__What you should do__.
Only the text of the entries below should be returned, exactly as given, without pictures.

(Dataset entries)

*** Block opens ***

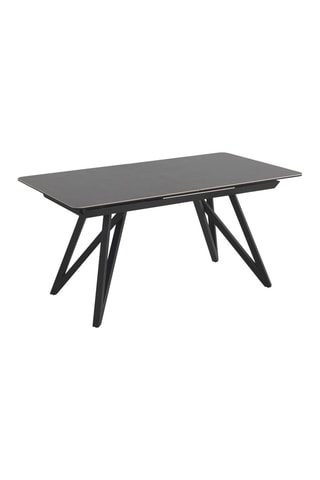 Mesa extensible - Gris oscuro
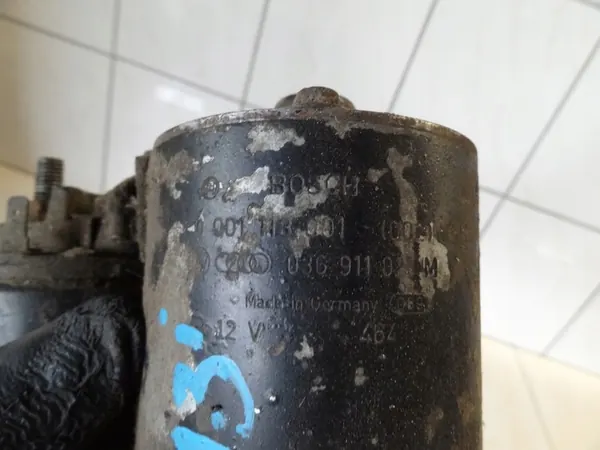 Motor de arranque Volkswagen OE 036911023M image 2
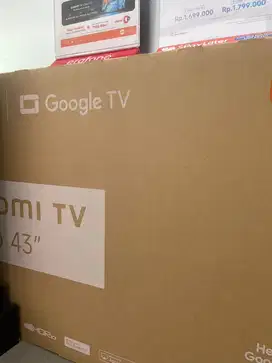 Xiaomi tv a pro 43 2026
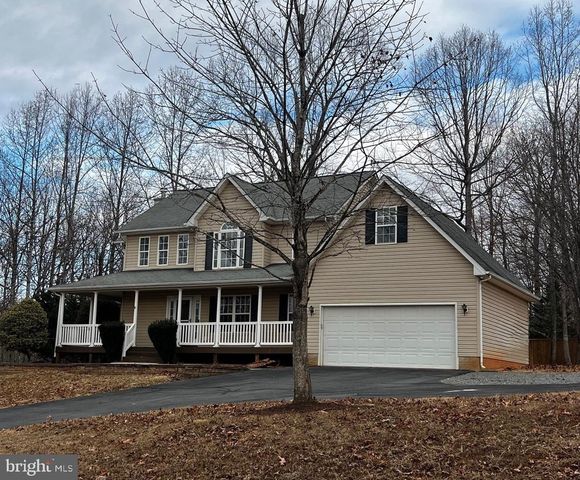 7221 CROCKETT AVE, Rapidan, VA 22733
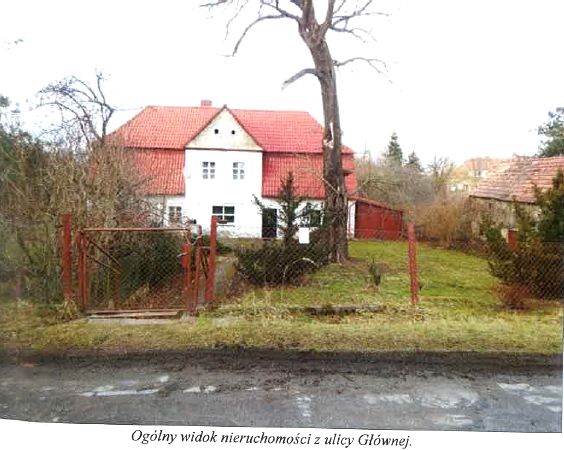 Dom Lubań sprzedaż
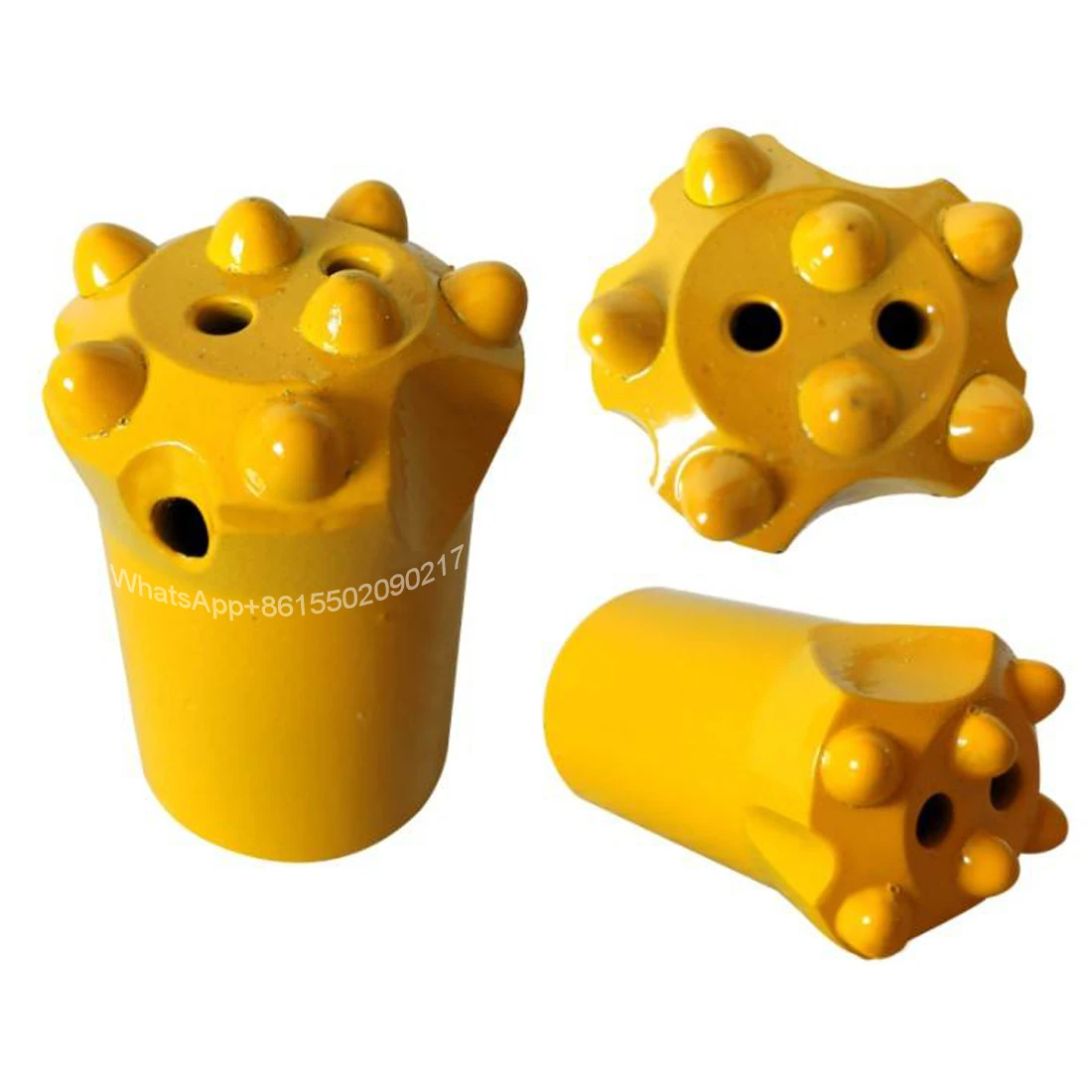 Хорошее качество 40 мм 7 градусов буровые долота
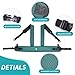 ENLUNTRA Wheelchair Seat Belt,Restraints Straps for Patient, Elderly & Disabled,Wheelchair Harness Restraint for Adults to Prevent Tilting or Falling(Vest Style，Green)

*** Block closes ***

__Output for this exercise__.
 Mesa extensible - Gris oscuro
 Motor de arranque Volkswagen OE 036911023M image 2
 Xiaomi tv a pro 43 2026
 7221 CROCKETT AVE, Rapidan, VA 22733
 Dom Lubań sprzedaż
 Хорошее качество 40 мм 7 градусов буровые долота
 ENLUNTRA Wheelchair Seat Belt,Restraints Straps for Patient, Elderly & Disabled,Wheelchair Harness Restraint for Adults to Prevent Tilting or Falling(Vest Style，Green)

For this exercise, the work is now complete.